Audio Description
S. Proski, Untitled (Mississauga 12.19.24), audio description, 05:17. Courtesy of Rebecca Singh.
S. Proski, Untitled (Mississauga 12.19.24), 2024. Image courtesy the artist.
Audio Description – Transcript
This work is displayed in landscape orientation in a six foot tall by nine foot long lightbox with a black frame. The lower edge of this lightbox’s frame is at knee level.
This artwork consists of a block of text in black all caps lettering against a bright yellow background. The text block is centred and takes up about half of the available space. There is one line of text three times as large that is printed over the block of text and to the edge of the artwork. It reads "You're so blind that you can’t even see the writing on the wall”.

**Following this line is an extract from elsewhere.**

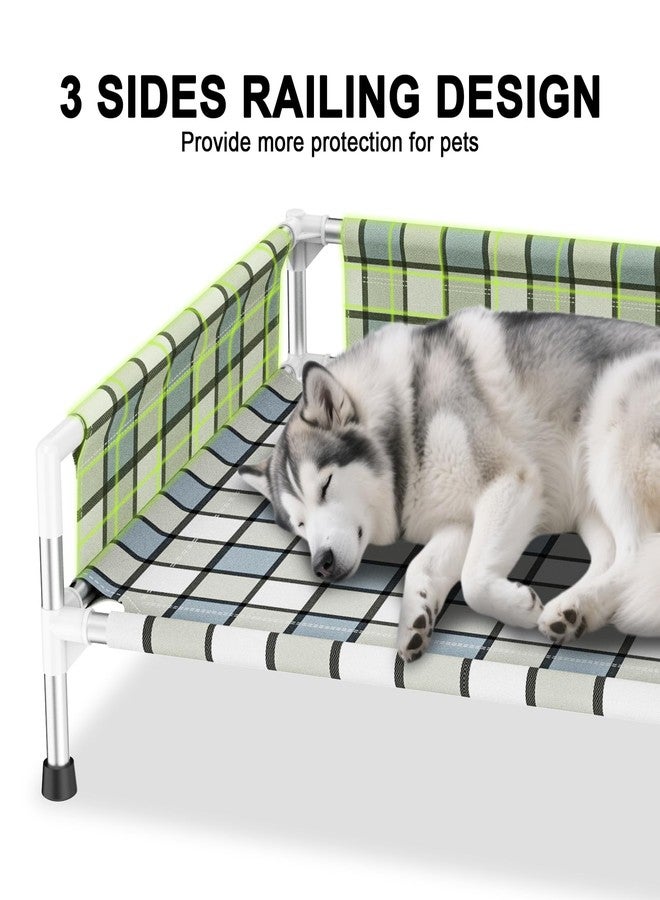 Caghash Elevated Raised Outdoor Dog Bed - Cooling Washable Dog Cot with Guardrail, Durable & Breathable Cotton Mesh Pet Hammock Beds with Stainless Steel Pipe Frame for Large Pets (34'' x 26'' x 12'') - Image 2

Behind this the text block reads: "Still life with bowl of strawberries, jar of whiskey, plum, goose, loons cooling off in the distance, buckets of maple syrup, political upheaval, spiritual decline, limbs removed, afternoon reveries, skinny puppies, holy rollers, unraveling silver ribbons, jovial quandaries, unrelenting squall, fresh wounds, recuperated losses, reconciliation, sleeping cat, a utopian world without scarcity or hunger, gouache fingerprints, rosetta stones, collection of bone, metronome, a blood red moon, copulating snakes, tightening noose, death care consultants, broken pottery, being alone with your own thoughts, live transmission, rationing supplies, falling forward, disappearing into the ether, floundering, an eye that’s always watching, the smell of the earth and putrefaction, unanswered emails color blinding fields, declensions, the ghost of marsden hartley, nature‘s revenge, posture eugenics, the tragically hip, urge surfing, puritans, perverts, complications, trolls, smoldering heaps of rubbish, songs about the end times, terrorists, expats, crystals, apple, mint, lead, spider, ammolite, waking, puppets, vortex, wiggling, emergency, and landscapes emerging."
This work foregrounds language as a bridge between blind and sighted worlds, while using dialogue and description to examine intimacy, translation, and the failures inherent in accommodation. By embracing the conceptual and poetic potential of descriptive text, the artist challenges traditional accessibility norms and reimagines what an artwork can be.
Initially conceived as a critique of performative accessibility in museums and galleries, the artist reframes didactic texts–often treated as supplementary–as the primary artistic medium. Here description functions as both still life painting and captions. The work intentionally unravels into linguistic collapse, where meaning distorts and transforms into sound. This breakdown highlights the failures of translation not as deficiencies but as productive spaces for new forms of communication.
For blind audiences, these texts are not substitutions but complete artworks–paintings constructed through language. A vibrantly coloured background and overlapping text create a deliberately disorienting and uncomfortable visual experience, shifting the focus from sight to sound. Through this approach, Proski redefines how art communicates, advocating for new forms of intimacy and connection between artist, audience, and artwork.